#### EXERCISE DETAILS:
Each line of the data below goes into the copy exactly; pictures do not.

#### EXERCISE INPUTS:

====

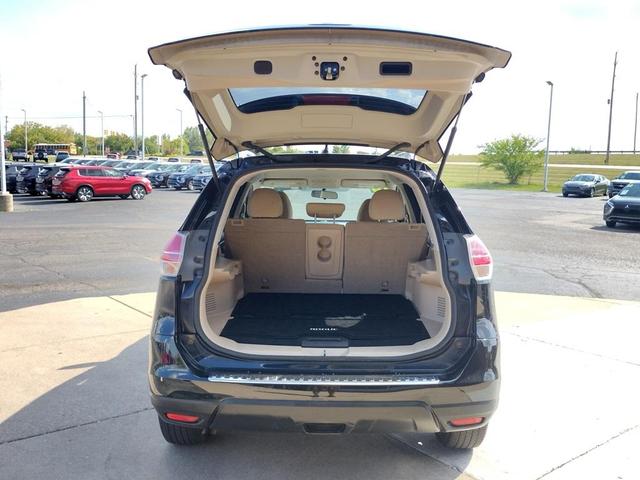 Photo of 2016 Magnetic Black Nissan Rogue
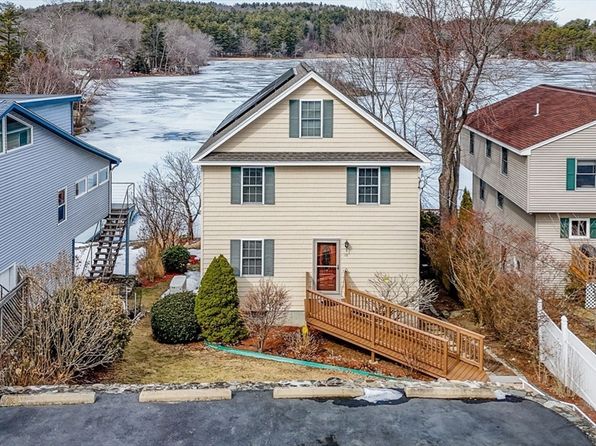 Property image for 10 Bumpy Ln, Methuen, MA 01844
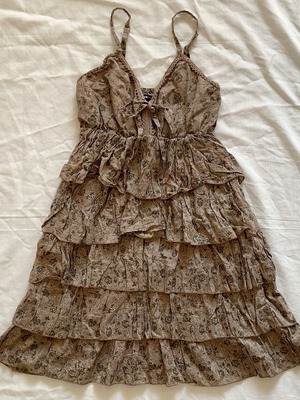 Boho mini floral dress like new, size S, beige brown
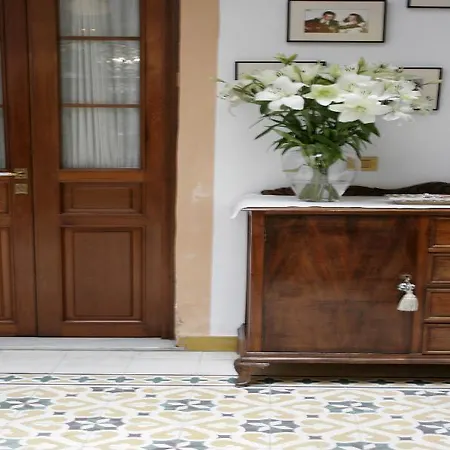 La Casa Del Maestro Boutique *
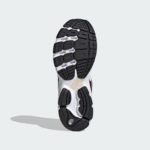 Sneaker IE6986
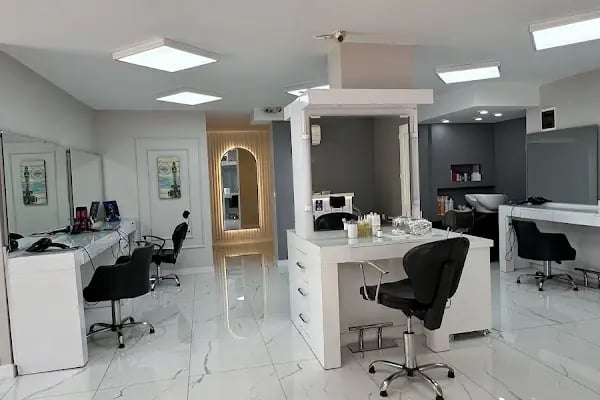 Bedia Soysal Hair Design (Bediş Kuaför) - Resim 3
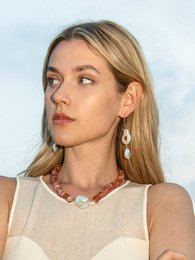 Demeter-Halskette mit orangefarbenem Achat und Perlen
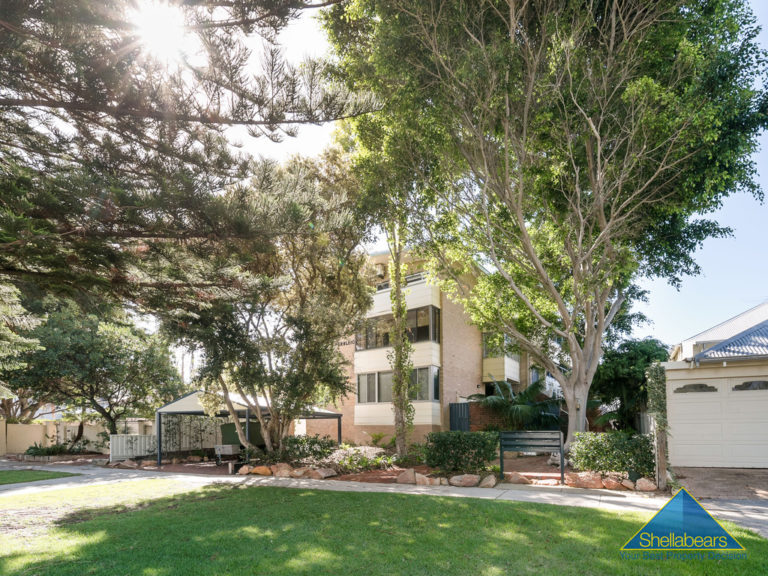 9/156 Broome Street gallery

====

#### ANSWER TO THIS EXERCISE:
 Photo of 2016 Magnetic Black Nissan Rogue
 Property image for 10 Bumpy Ln, Methuen, MA 01844
 Boho mini floral dress like new, size S, beige brown
 La Casa Del Maestro Boutique *
 Sneaker IE6986
 Bedia Soysal Hair Design (Bediş Kuaför) - Resim 3
 Demeter-Halskette mit orangefarbenem Achat und Perlen
 9/156 Broome Street gallery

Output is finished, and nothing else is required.